At 02:11 PM 28/4/97 -0400, Rachael Figearo wrote:
>Thank you for editing my post! Like I said, the swastika was a german
>invention and became moist popular during wwii. I dont not off hand recall
>the names for the symbol facing the proper direction but I do now it is not
According to the _Webster's New Twentieth Century Dictionary Unabridged_,
the definition of the item you mention is:
swastica, _n_. [Sanskrit, from _svasti_, well-being, benediction, from _su_,
well, and _asti_, being, is.]
1. a design or ornament of ancient origin in the form of a Greek
cross with each arm bent in a right-angle extension: it exists as a mystic
symbol among various American Indian tribes and in India, Japan, Persia, etc.

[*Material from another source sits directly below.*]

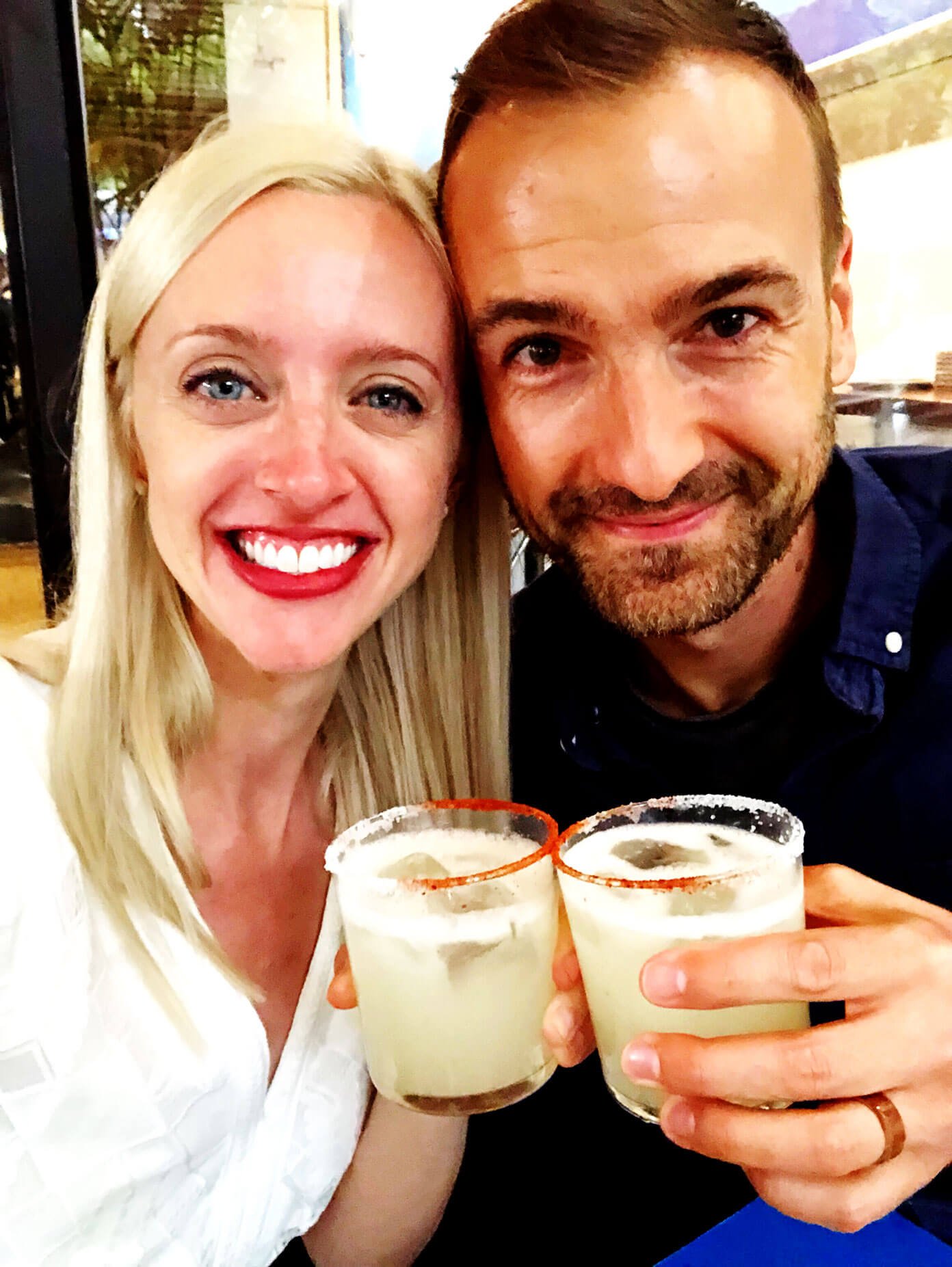 Ali's Guide To Mexico City | Where To Eat (Restaurants), Visit (What To Do), and Stay (Hotels and AirBnBs) in the delicious urban heart of Mexico | gimmesomeoven.com #travel #mexicocity #cdmx #mexico #traveltips #restaurants #food Mezcal Margaritas with Barclay and Ali Martin | Ali's Guide To Mexico City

2. this design with the extensions bent in a clockwise direction,
used in Nazi Germany as the party emblem and symbol of anti-Semitism.
As you can see, Rachael, the term *swastica,* in common ussage, refers to
crosses both of the ancient design with the right-angle extension, and to
the Nazi form with the extensions bent in the clockwise direction.
The Nazis *bent* things -- traditional art forms and the bodies of people.
I don't think they *invented* anything except new ways to prove that some
forms of humanity have devolved instead of evolved.